The shutdown of the U.S. government began this morning,because House Republicans refused to pass a funding measure that does not eliminate ObamaCare or push it off by one year. So, presumably, registration of new clients could start today, but without a federal government to manage things. But that’s the least of anyone’s worries.
A few minutes before midnight last night, Budget Director Sylvia Burwell issued a directive to federal agencies to “execute plans for an orderly shutdown.” An estimated 800,000 federal workers faced furloughs, not including the most critical government services, such as the military and air traffic controllers. The rest were invited to come into the office today just to do whatever needs doing to prepare for a long period of paralysis. In fact, they were told not to read or respond to official email. They were told this by official email.
Oct. 1 was supposed to mark a new budget year, and Congress was supposed to pass a spending bill in time, to allow agencies to stay open. They didn’t do that. But there’s a second, possibly scarier deadline coming Oct. 17, when Congress must raise the government $16.7-trillion debt ceiling, or the U.S. will become the biggest deadbeat in human history.
At this point no one knows the outcome of a long-term strike by the federal government. But we can kind of imagine it: things will get ever more apocalyptic as time goes by. But no one has experienced what happens when the world’s last remaining superpower defaults on its financial IOUs.
This is a gigantic game of chicken between Republicans and Democrats, and it could end today, next week, a month from now. The president might come up with an executive trick to resolve this unprecedented event in the history of mankind – or the House might perform some kind of economic coup d’état to disolve the Obama administration. But we’re more concerned with the suffering of individual Americans, and most notably the suffering of American Jews.
So, Social Security payments will go out this month, but they might be delayed, because of the reduced federal work force.
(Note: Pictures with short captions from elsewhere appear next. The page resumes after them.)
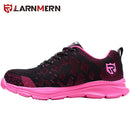 LARNMERN Leichte, atmungsaktive Herren-Sicherheitsschuhe Stahlkappen-Arbeitsschuhe für Herren Anti-Smashing Construction Sneaker mit Reflex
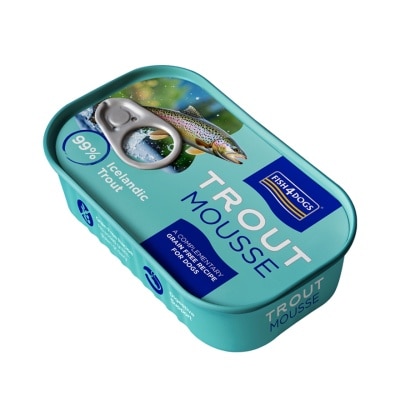 FISH4DOGS 犬用純鱒魚慕絲 (90g) 狗罐頭 818746 image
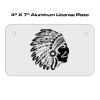 4 X 7 Aluminum License Plate  Thumbnail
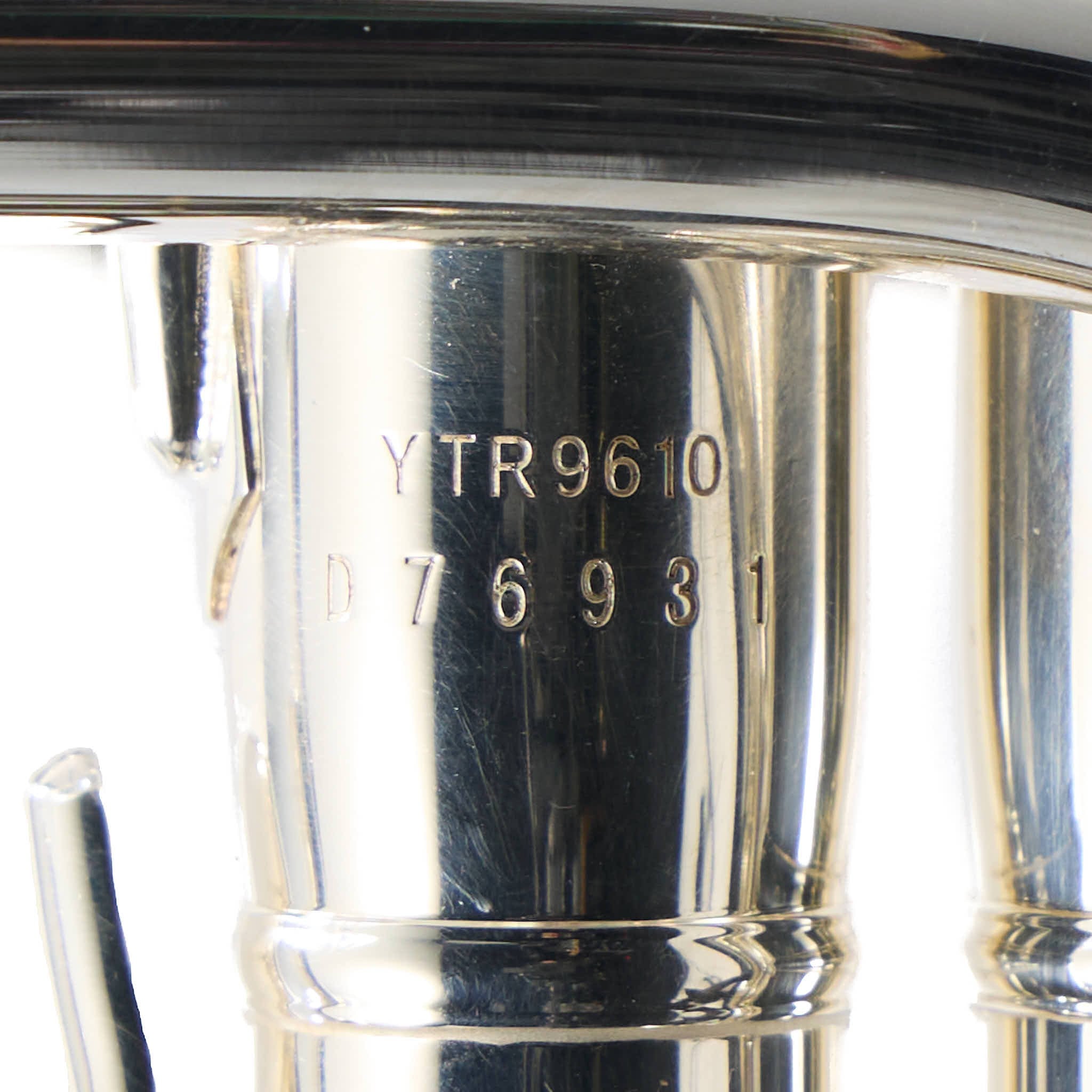 Yamaha YTR-9610 Custom Series Eb/D Trumpet in Silver Plate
If you arranged for direct deposit of your benefits, we think you’ll get them in a timely fashion.
In general, big entitlement programs like Social Security, Medicare and Medicaid, enjoy mandatory funding and do not require an annual renewal by Congress. Incidentally, this also means that The Affordable Care Act, the very prize on which Republicans are keeping their eyes (47 attempts to kill it so far, but who’s counting) is also guaranteed a long and healthy life, because it, too, is mandatory.
Federal employees running these mandatory programs are considered essential. When President Clinton played chicken with the Republicans and let the government be shut down, the Social Security administration brought back 50,000 employees from their furlough, to handle the claims.
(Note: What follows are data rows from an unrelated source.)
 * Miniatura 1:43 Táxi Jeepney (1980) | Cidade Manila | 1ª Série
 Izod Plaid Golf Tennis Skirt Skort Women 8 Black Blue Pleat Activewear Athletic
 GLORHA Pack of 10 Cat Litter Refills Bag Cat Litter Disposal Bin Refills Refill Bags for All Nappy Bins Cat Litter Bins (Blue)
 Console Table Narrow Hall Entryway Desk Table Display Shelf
But, again, once we get to October 17, all bets are off, because somebody would have to decide who gets paid first, folks who sold pork sandwiches to the U.S. army, or U.S. senior citizens.
Treasury secretary Jack Lew wrote: “We estimate that, at [Oct. 17], Treasury would have only approximately $30 billion to meet our country’s commitments. This amount would be far short of net expenditures on certain days, which can be as high as $60 billion.”
Prioritize, you say? Well, funny you should say that, because a Bipartisan Policy Center report, written by Shai Akabas and Brian Collins, says prioritization is inconceivable.
“It would involve sorting and choosing from nearly 100 million monthly payments,” they wrote. The Treasury Department does not have the technical capacity to do this, much less the legal authority.
The Obama administration also says it can’t prioritize payments. “Any plan to prioritize some payments over others is simply default by another name,” Lew wrote in a letter to House Speaker Boehner. “There is no way of knowing the damage any prioritization plan would have on our economy and financial markets.”
The Miami Herald reports that homeless shelters and elder-care agencies are working through cash-flow projections to see how long their reserves will last without ongoing injections of federal aid.